The Bv 155-V1 was destroyed, the V2 (in your photo) test flown by the British, and written off after an engine malfunction, and the third (the only survivor) now held in the States by the NASM at their Silver Hill facility.


----------



## net_sailor (Apr 21, 2009)

Definetly G-10 with DB 605D engine (cold start device in upper position). Additional details: chin bulges on lower engine cover and raised filer for larger oil tank, deeper oil cooler.
If I remember correct, a short tailwheel leg indicates a WNF factory. Additional cover for commpressed air on the rear fuselage strongly suggest U4 variant with MK 108 cannon.


----------



## Graeme (Apr 21, 2009)

GrauGeist said:


> Perhaps this three-view would help to compare details?



G'day Grau (Dave?) A Frenchman by the name of Phillipe Ricco wrote an article for Airpower in 1995...





...and in it he claimed that with new information from Daimler Benz at hand, people like Green, Hitchcock and Nowarra had got it wrong and for the the first time with a "bit" of speculation and common sense this is how it (109H) would have looked. He was convinced that it would've had a Daimler Benz DB 628 engine and a narrow track undercarriage (based on the G model)...


----------



## A4K (Apr 21, 2009)

Interesting Graeme...that goes against all the info I've found on the H. Does he specify on what information he based his surmise?

I still think she would have had the longer wings for better performance at high altitude, myself...


----------



## DFM+BB (Apr 21, 2009)

Graeme is right about this Me109H.
And it didn't goes against A4K's information, actually as far as I can remember two vertion of the 109H where build.

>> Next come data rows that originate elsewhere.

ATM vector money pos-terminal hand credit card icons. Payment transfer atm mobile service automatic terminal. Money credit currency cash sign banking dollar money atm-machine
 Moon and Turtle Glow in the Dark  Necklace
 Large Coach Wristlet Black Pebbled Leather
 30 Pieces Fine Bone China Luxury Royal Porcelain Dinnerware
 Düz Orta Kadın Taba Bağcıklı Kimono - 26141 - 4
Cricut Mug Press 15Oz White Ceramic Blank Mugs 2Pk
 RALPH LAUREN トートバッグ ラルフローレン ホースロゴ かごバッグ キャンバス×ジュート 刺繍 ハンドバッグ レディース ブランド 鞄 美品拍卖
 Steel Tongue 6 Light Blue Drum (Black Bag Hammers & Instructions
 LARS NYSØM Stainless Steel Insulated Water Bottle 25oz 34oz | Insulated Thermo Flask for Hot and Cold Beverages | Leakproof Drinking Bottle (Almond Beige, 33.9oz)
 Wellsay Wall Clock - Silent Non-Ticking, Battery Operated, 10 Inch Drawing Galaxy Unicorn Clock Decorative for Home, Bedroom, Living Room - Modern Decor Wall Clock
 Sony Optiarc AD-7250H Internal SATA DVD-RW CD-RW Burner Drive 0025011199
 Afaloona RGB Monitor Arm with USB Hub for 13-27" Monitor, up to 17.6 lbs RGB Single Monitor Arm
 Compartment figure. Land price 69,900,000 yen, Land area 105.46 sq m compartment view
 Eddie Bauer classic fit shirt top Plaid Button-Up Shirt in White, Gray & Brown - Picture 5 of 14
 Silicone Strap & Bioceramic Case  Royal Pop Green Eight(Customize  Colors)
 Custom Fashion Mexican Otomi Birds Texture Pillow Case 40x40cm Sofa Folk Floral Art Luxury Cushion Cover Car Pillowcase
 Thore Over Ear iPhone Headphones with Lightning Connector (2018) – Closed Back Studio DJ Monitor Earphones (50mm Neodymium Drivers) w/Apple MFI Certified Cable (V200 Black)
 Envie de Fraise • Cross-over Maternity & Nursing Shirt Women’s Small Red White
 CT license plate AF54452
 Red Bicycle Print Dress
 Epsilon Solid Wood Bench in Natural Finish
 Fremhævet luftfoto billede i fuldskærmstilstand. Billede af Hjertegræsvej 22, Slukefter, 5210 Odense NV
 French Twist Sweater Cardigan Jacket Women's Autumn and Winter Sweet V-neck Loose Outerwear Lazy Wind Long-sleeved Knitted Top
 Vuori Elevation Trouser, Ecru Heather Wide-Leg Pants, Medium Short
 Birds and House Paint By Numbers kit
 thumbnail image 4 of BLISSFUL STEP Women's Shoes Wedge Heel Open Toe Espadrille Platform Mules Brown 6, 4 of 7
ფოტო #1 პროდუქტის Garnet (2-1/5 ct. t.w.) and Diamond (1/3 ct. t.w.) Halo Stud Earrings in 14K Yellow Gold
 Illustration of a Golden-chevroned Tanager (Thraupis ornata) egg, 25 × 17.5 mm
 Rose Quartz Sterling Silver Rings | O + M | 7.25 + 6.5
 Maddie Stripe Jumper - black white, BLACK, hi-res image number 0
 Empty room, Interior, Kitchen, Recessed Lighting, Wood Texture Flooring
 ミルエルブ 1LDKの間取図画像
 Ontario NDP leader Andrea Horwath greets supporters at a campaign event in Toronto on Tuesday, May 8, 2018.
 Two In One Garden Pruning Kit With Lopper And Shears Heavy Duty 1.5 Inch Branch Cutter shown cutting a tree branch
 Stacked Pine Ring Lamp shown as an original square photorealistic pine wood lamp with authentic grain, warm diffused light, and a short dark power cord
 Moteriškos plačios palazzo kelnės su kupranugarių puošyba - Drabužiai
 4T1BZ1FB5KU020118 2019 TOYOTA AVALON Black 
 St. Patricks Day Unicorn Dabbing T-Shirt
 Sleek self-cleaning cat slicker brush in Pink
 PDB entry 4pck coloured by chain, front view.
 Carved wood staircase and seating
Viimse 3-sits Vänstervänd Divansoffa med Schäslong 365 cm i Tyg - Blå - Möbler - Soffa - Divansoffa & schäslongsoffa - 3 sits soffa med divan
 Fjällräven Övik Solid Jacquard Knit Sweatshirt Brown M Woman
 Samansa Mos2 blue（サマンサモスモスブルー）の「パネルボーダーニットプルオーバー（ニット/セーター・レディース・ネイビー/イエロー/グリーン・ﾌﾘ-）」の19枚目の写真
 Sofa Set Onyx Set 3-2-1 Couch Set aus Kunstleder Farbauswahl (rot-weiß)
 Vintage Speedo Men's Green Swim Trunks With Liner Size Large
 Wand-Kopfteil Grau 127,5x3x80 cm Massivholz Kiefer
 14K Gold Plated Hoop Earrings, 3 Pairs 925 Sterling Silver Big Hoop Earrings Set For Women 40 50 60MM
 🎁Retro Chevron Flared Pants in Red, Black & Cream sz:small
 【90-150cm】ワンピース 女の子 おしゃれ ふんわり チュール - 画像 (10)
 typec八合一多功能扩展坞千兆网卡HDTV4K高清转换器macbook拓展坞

But to my mind this messerschmitt was build with a supplementary fuselage section with makes it longuer than usual messerschmitt.

when I'll get back home this weekend I'll send you an article extract from a french magazine about the Me109H and its diffrent vertion, it is in frenchbut if you whant I'll translate.

There is a picture of this Me actually the only one existing because of the IIIreich censure.


----------



## beaupower32 (Apr 21, 2009)

net_sailor said:


> Definetly G-10 with DB 605D engine (cold start device in upper position). Additional details: chin bulges on lower engine cover and raised filer for larger oil tank, deeper oil cooler.
> If I remember correct, a short tailwheel leg indicates a WNF factory. Additional cover for commpressed air on the rear fuselage strongly suggest U4 variant with MK 108 cannon.





I thought it was a G-10. I still dont see where u see the cover for the cmporessed air. I might not be looking hard enough.


----------



## DFM+BB (Apr 21, 2009)

for me its a G-10 "AS" with the DB605AS engine but maybe I'm wrong


----------



## net_sailor (Apr 21, 2009)

As I said: definetly G-10 with DB 605D engine (*cold start device in upper position*).
In fact there were not a G-10/AS designation. It was introduced by researchers many years ago for G-10 from Erla works without chin bulges and witout rounded fairing on the left side. 
Anyway DB 605 A and AS engines had cold start device on lower position.

Beaupower, follow the red arrow:


----------



## A4K (Apr 21, 2009)

Interesting NS, I never knew that!


----------



## Njaco (Apr 21, 2009)

Graeme, I just read that article last week!!!! I'll see if I can post some more pics. Apparently he modelled a Bf 109 as a guesstimate of what it would look like.

and thanks everybody for answering this question about my dad's pic!


----------



## beaupower32 (Apr 21, 2009)

net_sailor said:


> Beaupower, follow the red arrow:
> View attachment 90286




Ah, there it is. Thanks for pointing it out for me.


----------



## DFM+BB (Apr 22, 2009)

Net Sailor, I know that it was introduced by researchers many years ago that's why I wrote G-10 "AS".


----------



## net_sailor (Apr 22, 2009)

It was not personally agaist you my friend. Other readers could be not familiarized with the "G-10/AS" designation story.


----------



## DFM+BB (Apr 22, 2009)

don't worry there is no problem my friend


----------